**YOUR INSTRUCTIONS:**
Your answer should be the records again, unchanged in wording and free of images.

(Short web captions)

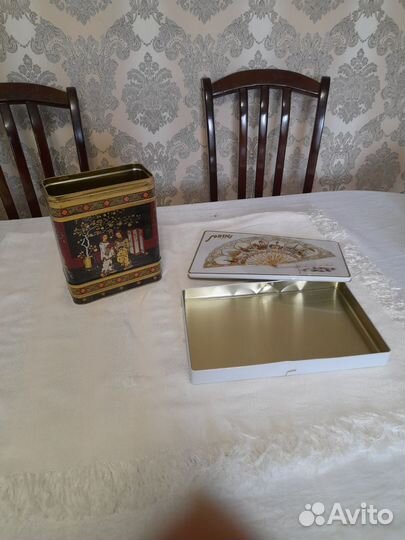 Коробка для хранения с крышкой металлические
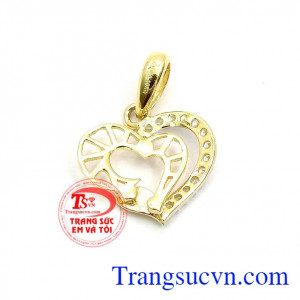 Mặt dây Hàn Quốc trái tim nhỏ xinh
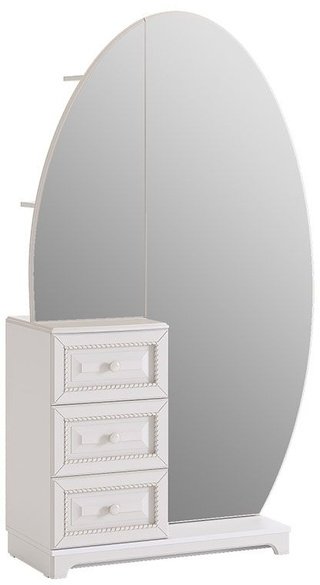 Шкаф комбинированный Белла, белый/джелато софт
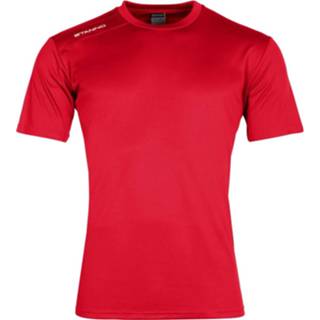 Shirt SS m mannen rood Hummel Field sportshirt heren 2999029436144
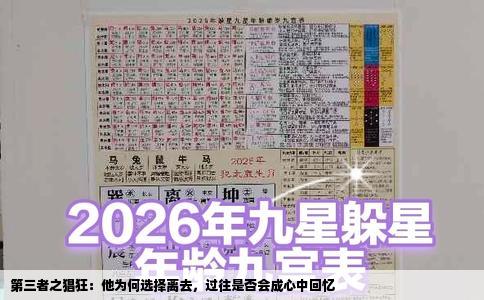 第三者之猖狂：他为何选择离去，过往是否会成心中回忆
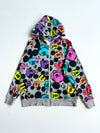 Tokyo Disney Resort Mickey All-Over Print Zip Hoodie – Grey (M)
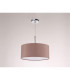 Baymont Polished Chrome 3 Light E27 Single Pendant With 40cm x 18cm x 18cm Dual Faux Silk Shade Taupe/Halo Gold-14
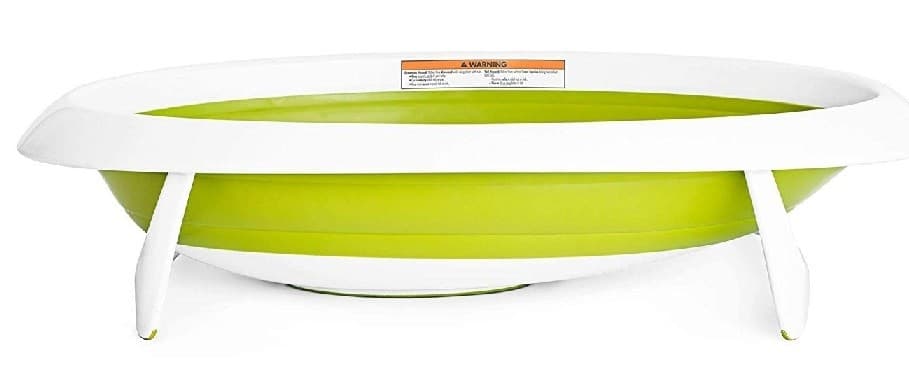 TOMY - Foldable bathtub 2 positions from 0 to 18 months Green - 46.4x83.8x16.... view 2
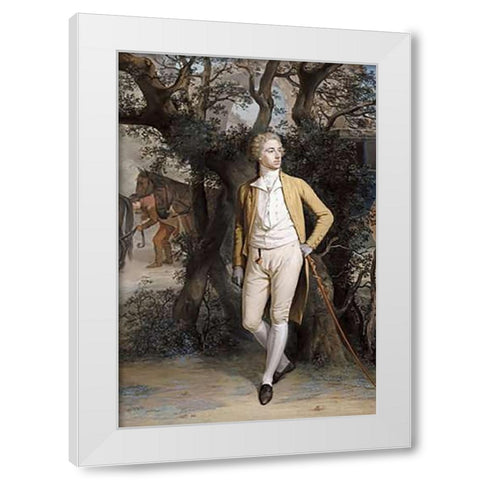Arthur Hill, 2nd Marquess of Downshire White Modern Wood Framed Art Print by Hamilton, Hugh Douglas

**ANSWER SPACE:**
 Коробка для хранения с крышкой металлические
 Mặt dây Hàn Quốc trái tim nhỏ xinh
 Шкаф комбинированный Белла, белый/джелато софт
 Shirt SS m mannen rood Hummel Field sportshirt heren 2999029436144
 第三者之猖狂：他为何选择离去，过往是否会成心中回忆
 Tokyo Disney Resort Mickey All-Over Print Zip Hoodie – Grey (M)
 Baymont Polished Chrome 3 Light E27 Single Pendant With 40cm x 18cm x 18cm Dual Faux Silk Shade Taupe/Halo Gold-14
 TOMY - Foldable bathtub 2 positions from 0 to 18 months Green - 46.4x83.8x16.... view 2
Arthur Hill, 2nd Marquess of Downshire White Modern Wood Framed Art Print by Hamilton, Hugh Douglas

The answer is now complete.